* Input material

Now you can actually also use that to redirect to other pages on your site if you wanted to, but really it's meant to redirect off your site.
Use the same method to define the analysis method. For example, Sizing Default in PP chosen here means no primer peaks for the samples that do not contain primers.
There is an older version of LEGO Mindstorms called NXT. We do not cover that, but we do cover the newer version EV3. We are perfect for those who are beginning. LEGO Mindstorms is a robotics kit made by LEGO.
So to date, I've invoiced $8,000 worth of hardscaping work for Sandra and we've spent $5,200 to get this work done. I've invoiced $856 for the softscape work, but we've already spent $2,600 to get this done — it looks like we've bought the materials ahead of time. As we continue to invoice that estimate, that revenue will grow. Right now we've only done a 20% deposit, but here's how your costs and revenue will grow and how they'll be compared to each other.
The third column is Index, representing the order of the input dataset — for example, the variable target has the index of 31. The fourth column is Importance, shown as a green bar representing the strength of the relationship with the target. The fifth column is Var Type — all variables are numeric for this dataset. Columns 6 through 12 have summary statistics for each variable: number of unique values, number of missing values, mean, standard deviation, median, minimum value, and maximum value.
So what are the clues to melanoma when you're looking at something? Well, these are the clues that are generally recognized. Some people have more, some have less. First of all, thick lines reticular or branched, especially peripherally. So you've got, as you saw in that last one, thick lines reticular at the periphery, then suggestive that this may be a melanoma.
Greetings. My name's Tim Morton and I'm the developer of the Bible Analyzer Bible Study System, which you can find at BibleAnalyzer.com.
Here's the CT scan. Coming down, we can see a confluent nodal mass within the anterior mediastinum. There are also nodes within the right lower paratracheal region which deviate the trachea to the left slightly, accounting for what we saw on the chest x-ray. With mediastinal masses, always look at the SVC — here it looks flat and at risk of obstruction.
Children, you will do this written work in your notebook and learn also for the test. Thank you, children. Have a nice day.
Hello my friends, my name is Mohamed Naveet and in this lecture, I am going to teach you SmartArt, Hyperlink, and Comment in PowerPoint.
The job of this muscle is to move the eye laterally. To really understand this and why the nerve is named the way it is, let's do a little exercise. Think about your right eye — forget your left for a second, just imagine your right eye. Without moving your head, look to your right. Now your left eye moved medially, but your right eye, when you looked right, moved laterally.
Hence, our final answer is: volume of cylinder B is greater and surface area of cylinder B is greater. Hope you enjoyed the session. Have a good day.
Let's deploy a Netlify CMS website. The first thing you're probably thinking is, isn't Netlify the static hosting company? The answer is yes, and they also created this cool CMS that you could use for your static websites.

* Directions
Pull every line containing the string "work" out of the data above and copy it.

* Result of this exercise
So to date, I've invoiced $8,000 worth of hardscaping work for Sandra and we've spent $5,200 to get this work done. I've invoiced $856 for the softscape work, but we've already spent $2,600 to get this done — it looks like we've bought the materials ahead of time. As we continue to invoice that estimate, that revenue will grow. Right now we've only done a 20% deposit, but here's how your costs and revenue will grow and how they'll be compared to each other.
Children, you will do this written work in your notebook and learn also for the test. Thank you, children. Have a nice day.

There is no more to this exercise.